10 enero 2008

Enero


Al anticiclón de invierno le acompañan los días soleados, luminosos y calmos en los que los viejos buscan las solanas o los “solecitos” de las plazas, como algunos les llaman a sus rincones de invierno al aire libre. Allí conversan, al abrigo de los días luminosos, mientras los perros dormitan tirados y estirados a sus pies.
Las noches de la sierra son otra cosa. Son de hielo, de hielo negro que cae sin piedad sobre las tejas y las remata de cristales de escarcha y hace crujir las peñas como si fueran de madera seca que se quiebra. Mientras el hielo oscuro e invisible cae, las estrellas palpitantes se tiran a los ojos por millares y ponen en su sitio, diminuto, a quien se atreve a mirarlas.

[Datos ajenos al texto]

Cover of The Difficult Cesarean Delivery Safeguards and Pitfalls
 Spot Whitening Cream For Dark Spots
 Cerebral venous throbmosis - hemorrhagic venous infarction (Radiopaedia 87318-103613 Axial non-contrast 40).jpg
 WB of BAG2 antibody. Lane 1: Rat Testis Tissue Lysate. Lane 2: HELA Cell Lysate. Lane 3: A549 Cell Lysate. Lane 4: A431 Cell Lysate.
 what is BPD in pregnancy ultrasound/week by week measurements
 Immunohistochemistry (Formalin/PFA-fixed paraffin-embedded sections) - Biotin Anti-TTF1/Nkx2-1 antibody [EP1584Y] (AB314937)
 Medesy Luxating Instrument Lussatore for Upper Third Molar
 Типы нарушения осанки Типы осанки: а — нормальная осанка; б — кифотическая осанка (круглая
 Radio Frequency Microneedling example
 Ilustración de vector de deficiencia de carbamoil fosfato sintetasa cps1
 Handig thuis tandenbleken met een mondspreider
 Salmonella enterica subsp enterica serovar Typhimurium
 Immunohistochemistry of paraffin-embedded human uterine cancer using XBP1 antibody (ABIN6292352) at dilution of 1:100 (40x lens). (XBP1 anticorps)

El cielo de la noche llena de asombro y espanto a quien lo observa. Duele respirar, de puro frío, el aire congelado. La noche del invierno, pura luna y estrellas, sobrecoge en la sierra.
Amanece en el paisaje desierto. La tenue luz naranja que asoma por el este, guiada por el dedo de la aurora, se expande lentamente en claridad difuminada. Luego la luz se hace otra vez y viene el día. Todo aparece maquillado de blanco por la escarcha y helados, con un dedo de grueso, los charcones que dejaron las últimas lluvias. Los barros son hoy arcillas duras, piedra helada, cocida por el frío. El aire es fino y está mudo, sin viento. El silencio sólo se interrumpe por el graznido lejano de algún cuervo o el cacareo irregular de la perdiz, cuyo sonido redondo, retador y gangoso rebota de peña en peña y se pierde sin contestación barranco abajo, entre la niebla que se deshilacha.

2 comentarios:

Paz Zeltia dijo...

Uff, qué frio!
Consigues transmitir esa sensación de la pequeñez de uno y el frío inmenso.

Soros dijo...

Sí, lo has pillado ;-)) Los sitios de que hablo son lugares donde si te pilla el frío no lo vas a olvidar. El saber de nuestra insignificancia nos mantiene también... más fresquitos y lúcidos. ¿No?